To make this privately funded dream happen, he had sailed from London, assembled a largely inexperienced crew that included scientists and engineers, and acquired ten Manchurian ponies and nine dogs that had been trained in Whakaraupō on Ōtamahua Quail Island – as depicted on our commemorative card along with the man himself and his sailing ship. You might also notice a curious addition being the automobile, and yes, Shackleton was also the first to introduce mechanised transport to Antarctic exploration, in the first decade of the twentieth century no less.
This vehicle had been specially modified for the Antarctic expedition by engineers from the Arrol-Johnston Car Company Ltd. working in their Underwood Road factory in Paisley, Scotland. The Scottish company had manufactured Britain’s first automobile in 1895, and the world’s first ‘off-road’ vehicle for the Egyptian Government. Their Antarctic car was an alcohol-fuelled air-cooled version of their 1905 model, with a 3023 cc 4 stroke engine in a 2 cylinder opposed piston configuration (thus with no cylinder head or valvetrain), on a strengthened chassis and capable of producing 12 bhp at 800 rpm and 15 bhp at 1100 rpm. Modifications had been made to the exhaust system that was used to heat the carburettor as well as the driver, while the front wheels were fitted with removable skis for the snowy conditions, as well as light or heavy duty tyres.
The vehicle was donated by the majority shareholder of Arrol-Johnston, the Scottish industrialist William Beardmore, later Lord Invernairn, who was also a major sponsor of Shackleton’s expedition. Much was expected of this largely untested vehicle, although perhaps its greatest achievement was in the marketing exposure for both the company and Shackleton’s fundraising efforts, with the pre-expedition hype in Autocar magazine making the dubious but very popular claim that:
"Under favourable circumstances Lieutenant Shackleton computes that the machine can travel 150 miles in twenty four hours and ... he thinks there would be a fair chance of sprinting to the pole."
For the ocean journey south, the vehicle was housed in a crate on the Nimrod's deck owing to a lack of space on the rather small vessel, with a sceptical Shackleton preferring to bring as many ponies and dogs as possible. On board and tasked with overseeing the maintenance of the car was a young Arrol-Johnston engineer by the name of Bernard C. Day, who would go down in the history books as the world’s first Antarctic mechanical engineer and driver.
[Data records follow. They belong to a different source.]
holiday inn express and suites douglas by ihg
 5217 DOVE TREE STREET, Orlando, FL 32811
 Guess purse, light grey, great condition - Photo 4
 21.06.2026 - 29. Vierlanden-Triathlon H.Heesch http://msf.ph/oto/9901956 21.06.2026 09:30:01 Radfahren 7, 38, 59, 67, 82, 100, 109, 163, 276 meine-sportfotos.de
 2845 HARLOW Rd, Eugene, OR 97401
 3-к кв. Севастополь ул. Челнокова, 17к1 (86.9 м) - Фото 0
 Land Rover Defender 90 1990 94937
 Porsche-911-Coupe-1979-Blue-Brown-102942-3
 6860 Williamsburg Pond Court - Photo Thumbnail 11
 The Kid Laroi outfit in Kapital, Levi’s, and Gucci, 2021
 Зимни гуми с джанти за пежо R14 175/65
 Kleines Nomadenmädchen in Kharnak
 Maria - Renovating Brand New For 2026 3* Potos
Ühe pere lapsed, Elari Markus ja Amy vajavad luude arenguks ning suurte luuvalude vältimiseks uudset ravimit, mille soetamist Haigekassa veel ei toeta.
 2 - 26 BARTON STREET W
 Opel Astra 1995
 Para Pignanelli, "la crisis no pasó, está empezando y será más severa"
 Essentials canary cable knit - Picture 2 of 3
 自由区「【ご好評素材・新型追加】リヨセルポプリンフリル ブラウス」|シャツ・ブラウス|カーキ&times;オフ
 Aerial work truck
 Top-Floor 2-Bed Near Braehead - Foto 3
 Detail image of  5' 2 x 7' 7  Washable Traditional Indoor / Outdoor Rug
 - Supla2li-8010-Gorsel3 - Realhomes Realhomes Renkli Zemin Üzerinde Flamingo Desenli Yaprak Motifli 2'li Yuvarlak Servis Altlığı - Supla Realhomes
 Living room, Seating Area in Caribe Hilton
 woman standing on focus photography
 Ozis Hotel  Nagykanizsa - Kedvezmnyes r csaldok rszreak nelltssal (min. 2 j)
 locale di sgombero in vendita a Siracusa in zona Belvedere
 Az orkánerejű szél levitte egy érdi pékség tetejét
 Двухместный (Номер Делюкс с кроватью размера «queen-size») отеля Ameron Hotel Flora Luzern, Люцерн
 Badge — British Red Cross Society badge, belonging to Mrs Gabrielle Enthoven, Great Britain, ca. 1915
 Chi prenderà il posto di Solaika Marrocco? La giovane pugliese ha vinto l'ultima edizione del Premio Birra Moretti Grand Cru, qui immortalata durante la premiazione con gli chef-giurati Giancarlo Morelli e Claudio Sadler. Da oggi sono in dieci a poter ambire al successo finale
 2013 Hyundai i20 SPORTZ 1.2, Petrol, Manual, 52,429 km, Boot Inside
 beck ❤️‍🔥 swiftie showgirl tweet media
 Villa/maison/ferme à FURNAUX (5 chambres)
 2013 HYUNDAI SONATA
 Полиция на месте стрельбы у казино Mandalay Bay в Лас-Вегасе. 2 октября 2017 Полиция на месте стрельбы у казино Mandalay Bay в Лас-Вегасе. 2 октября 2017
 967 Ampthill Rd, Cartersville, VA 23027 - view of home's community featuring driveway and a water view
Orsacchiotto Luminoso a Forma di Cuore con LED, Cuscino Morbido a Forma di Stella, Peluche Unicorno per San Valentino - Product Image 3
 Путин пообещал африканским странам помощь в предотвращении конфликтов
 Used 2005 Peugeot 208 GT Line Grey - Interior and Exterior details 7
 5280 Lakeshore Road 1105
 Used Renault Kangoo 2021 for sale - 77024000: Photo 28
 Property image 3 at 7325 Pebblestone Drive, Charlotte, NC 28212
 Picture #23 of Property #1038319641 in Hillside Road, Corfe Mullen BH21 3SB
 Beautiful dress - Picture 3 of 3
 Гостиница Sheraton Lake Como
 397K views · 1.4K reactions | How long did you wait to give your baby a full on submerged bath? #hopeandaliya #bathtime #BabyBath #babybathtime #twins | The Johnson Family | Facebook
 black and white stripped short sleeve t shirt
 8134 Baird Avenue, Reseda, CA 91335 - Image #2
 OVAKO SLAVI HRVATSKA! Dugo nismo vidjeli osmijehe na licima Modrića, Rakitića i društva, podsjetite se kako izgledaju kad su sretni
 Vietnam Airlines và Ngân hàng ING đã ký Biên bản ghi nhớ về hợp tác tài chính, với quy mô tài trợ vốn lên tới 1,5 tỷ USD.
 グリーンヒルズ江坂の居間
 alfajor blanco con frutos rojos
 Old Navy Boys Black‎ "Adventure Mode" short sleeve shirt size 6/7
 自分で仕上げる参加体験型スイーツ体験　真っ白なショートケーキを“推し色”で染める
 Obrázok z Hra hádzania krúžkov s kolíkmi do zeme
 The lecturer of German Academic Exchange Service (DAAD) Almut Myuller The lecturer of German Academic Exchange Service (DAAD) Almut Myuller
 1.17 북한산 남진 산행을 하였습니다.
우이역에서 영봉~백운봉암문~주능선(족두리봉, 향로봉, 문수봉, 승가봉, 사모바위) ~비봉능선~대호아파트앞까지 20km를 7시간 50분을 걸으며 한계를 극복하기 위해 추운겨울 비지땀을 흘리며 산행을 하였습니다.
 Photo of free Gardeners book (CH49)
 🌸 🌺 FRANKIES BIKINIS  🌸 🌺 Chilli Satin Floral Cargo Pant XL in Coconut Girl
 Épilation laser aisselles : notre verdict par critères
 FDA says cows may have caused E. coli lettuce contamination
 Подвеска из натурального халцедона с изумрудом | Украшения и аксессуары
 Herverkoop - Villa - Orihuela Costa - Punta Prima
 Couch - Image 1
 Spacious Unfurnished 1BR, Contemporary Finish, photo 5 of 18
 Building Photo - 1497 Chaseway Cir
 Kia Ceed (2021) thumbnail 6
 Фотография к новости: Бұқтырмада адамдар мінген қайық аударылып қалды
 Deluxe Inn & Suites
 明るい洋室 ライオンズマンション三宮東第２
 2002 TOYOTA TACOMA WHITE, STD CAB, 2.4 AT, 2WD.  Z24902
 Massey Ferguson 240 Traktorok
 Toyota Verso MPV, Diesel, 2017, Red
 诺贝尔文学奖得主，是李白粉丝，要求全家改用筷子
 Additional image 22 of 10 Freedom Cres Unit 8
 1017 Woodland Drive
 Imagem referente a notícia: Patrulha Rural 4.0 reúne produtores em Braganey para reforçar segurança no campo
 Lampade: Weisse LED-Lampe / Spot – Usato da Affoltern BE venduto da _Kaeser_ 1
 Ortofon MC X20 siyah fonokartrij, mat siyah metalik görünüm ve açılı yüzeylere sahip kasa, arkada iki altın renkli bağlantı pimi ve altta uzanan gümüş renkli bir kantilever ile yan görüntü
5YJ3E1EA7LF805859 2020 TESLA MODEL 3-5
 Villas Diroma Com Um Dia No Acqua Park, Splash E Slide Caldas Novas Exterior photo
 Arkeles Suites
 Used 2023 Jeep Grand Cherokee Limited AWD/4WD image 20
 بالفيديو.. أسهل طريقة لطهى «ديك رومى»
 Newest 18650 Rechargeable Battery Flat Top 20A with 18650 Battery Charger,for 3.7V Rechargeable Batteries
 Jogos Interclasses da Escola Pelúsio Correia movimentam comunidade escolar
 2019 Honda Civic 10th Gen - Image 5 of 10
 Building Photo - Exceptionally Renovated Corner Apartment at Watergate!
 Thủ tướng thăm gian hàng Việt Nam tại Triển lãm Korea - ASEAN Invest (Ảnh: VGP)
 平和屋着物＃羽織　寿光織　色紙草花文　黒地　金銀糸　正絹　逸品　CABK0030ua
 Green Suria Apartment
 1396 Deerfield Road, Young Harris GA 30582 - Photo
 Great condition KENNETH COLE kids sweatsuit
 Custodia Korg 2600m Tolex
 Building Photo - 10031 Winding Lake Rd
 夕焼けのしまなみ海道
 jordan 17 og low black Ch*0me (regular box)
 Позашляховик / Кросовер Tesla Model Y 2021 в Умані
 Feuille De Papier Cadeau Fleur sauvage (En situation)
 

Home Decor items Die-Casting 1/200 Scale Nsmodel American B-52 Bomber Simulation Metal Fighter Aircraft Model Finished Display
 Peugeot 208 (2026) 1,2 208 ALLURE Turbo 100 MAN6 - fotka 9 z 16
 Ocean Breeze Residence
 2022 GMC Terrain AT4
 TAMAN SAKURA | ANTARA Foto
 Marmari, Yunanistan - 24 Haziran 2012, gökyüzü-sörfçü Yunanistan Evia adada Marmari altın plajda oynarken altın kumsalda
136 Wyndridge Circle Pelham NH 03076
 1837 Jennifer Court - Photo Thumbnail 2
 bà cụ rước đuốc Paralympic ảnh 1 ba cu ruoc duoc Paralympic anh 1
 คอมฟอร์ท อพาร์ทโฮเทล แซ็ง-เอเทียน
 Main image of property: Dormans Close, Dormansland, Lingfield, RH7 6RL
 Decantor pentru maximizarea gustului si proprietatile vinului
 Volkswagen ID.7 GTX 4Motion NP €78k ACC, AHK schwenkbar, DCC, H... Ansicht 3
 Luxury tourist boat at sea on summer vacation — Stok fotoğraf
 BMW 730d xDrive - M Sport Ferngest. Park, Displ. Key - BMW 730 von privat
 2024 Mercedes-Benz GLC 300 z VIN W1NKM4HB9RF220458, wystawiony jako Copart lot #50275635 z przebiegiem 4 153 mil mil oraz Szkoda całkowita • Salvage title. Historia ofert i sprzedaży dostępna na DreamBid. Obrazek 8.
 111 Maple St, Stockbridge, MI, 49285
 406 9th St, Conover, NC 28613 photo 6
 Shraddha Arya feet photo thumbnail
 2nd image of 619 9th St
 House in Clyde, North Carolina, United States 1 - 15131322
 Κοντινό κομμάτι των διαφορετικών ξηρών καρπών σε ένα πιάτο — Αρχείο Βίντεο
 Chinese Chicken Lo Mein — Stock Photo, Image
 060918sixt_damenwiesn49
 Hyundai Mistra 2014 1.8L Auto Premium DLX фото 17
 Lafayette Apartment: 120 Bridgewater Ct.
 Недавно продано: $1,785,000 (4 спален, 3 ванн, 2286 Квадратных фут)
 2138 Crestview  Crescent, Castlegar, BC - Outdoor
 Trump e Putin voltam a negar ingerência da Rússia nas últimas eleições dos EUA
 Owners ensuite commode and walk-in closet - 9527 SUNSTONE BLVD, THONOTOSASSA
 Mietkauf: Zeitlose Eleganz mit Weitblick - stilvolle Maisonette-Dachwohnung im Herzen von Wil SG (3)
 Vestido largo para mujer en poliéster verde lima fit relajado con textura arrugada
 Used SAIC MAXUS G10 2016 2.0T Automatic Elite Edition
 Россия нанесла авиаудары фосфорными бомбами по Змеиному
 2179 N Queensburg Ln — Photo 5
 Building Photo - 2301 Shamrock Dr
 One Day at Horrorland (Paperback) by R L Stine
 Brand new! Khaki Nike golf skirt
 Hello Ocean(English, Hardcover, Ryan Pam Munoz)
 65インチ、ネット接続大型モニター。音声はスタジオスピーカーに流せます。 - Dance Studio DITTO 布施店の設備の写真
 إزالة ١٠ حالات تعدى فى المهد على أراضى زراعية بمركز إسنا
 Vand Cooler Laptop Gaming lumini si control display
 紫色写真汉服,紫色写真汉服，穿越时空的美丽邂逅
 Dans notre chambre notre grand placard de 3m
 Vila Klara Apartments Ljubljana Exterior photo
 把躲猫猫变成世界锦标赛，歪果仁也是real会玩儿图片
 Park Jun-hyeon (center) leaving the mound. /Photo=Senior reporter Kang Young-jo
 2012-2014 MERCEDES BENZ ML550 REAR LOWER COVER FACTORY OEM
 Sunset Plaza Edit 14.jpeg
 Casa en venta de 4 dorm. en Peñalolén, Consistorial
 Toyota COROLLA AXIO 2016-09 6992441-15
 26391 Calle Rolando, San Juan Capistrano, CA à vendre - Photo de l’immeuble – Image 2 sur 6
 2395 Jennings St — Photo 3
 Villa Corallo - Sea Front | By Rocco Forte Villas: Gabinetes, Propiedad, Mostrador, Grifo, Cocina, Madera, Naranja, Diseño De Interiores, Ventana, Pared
On arrival, the car was set down on the sea ice in loose snow to help set up the first camp at Hut Point. While the engine started up fine enough, it became obvious that the heavy wheels were largely useless in the soft snow and the skis made steering rather difficult if not impossible.
Nonetheless, and in spite of this inauspicious start, once Day gained experience driving on various surfaces, the Arrol-Johnston proved somewhat handy in transporting men, stores and equipment, making numerous small journeys of up to 25 km pulling 500 kg sleds in temperatures as low as -10 degrees centigrade. This work included setting stores for David, Mackay and Mawson’s successful bid for the magnetic South Pole. As Day himself recounts:
"My first Journey was in August, when I took some of the southern journey grub, about 1500 lb weight (680 kg), on two sledges and three people up, sitting on the back member. For the first eight miles the ice was very good, but after that it was covered with drifted snow. I did about four miles an hour on this surface and about eight on the ice, over cracks and everything, some of them being about 1 ft 6 in (0.5 m) across. I firmly believe the old car would go anywhere, she could stand anything.”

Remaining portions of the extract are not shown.